Contudo, vale a pena refletir sobre o alcance real desta decisão. À primeira vista, o valor da coima é impressionante. Mas para uma empresa que fatura mais de 300 mil milhões de dólares por ano, representa pouco mais do que um custo de operação. A dúvida mantém-se: será esta multa suficiente para alterar comportamentos ou apenas mais uma linha no orçamento da Google?
O papel do artigo 80.º do RGPD
O mérito desta vitória cabe, em grande parte, à organização noyb (None Of Your Business), fundada por Max Schrems. A noyb tornou-se um verdadeiro “cão de guarda” europeu dos direitos digitais, utilizando precisamente os mecanismos previstos no artigo 80.º do RGPD: a possibilidade de associações sem fins lucrativos apresentarem queixas em nome dos cidadãos.
Em Portugal, a nossa associação assume esse mesmo papel. Tal como a noyb o faz noutros países, também nós temos legitimidade para representar os titulares de dados quando estes enfrentam práticas abusivas por parte de empresas que tratam informação pessoal. Este caso em França mostra a força que as associações podem ter quando mobilizam a lei em defesa dos utilizadores — e prova que a cooperação entre sociedade civil e reguladores é fundamental para travar abusos.
O modelo de negócio em causa
Não podemos ignorar que a raiz do problema está no próprio modelo de negócio do Google. Cada pixel convertido em publicidade gera lucro. Colocar anúncios diretamente no Gmail não foi um lapso inocente, mas sim uma escolha consciente para aumentar receitas. A questão é se a regulação consegue acompanhar o ritmo e a criatividade com que estas empresas encontram novas formas de explorar dados pessoais.
A decisão da CNIL é, neste sentido, encorajadora. Não se limitou a olhar para o passado, punindo o que já foi feito: traçou regras claras para o futuro, obrigando o Google a pedir consentimento válido e informado, sob pena de 100 mil euros por dia de incumprimento.
Uma vitória simbólica, mas não definitiva
Este caso é um sinal claro de que os reguladores europeus estão dispostos a desafiar os gigantes digitais.
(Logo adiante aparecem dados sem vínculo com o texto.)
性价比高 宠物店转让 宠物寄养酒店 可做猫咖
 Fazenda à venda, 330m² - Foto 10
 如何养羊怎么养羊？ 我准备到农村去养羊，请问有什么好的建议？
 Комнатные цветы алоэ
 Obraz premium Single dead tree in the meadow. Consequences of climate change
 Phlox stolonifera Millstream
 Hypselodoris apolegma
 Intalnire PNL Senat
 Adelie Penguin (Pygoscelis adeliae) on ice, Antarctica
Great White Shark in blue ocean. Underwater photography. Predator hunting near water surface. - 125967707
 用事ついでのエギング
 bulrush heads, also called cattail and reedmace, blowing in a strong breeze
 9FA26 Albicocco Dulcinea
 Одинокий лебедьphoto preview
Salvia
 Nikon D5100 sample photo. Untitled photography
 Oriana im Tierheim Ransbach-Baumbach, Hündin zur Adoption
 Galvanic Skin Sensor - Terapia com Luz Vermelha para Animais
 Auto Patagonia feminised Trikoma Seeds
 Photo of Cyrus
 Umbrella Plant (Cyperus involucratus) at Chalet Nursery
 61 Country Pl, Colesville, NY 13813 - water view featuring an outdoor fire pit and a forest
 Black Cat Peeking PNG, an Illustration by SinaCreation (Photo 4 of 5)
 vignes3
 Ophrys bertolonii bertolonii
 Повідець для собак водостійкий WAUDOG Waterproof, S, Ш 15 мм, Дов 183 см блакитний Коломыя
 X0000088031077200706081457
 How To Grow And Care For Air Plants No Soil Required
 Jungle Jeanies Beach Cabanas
Mas também nos lembra que, enquanto os lucros da publicidade online superarem em muito o valor das multas, haverá sempre tentativas de contornar a lei.
Para nós, em Portugal, fica uma lição importante: as associações têm um papel crucial em fazer valer os direitos dos cidadãos. A noyb mostrou que é possível levar uma multinacional a responder perante a lei. Cabe-nos a nós, enquanto congéneres no contexto nacional, continuar a pressionar, a denunciar e a exigir transparência.
A privacidade não é um luxo nem uma comodidade: é um direito fundamental. E cada vez que é defendida, como neste caso, todos ganhamos um pouco mais de poder sobre a forma como vivemos e comunicamos online.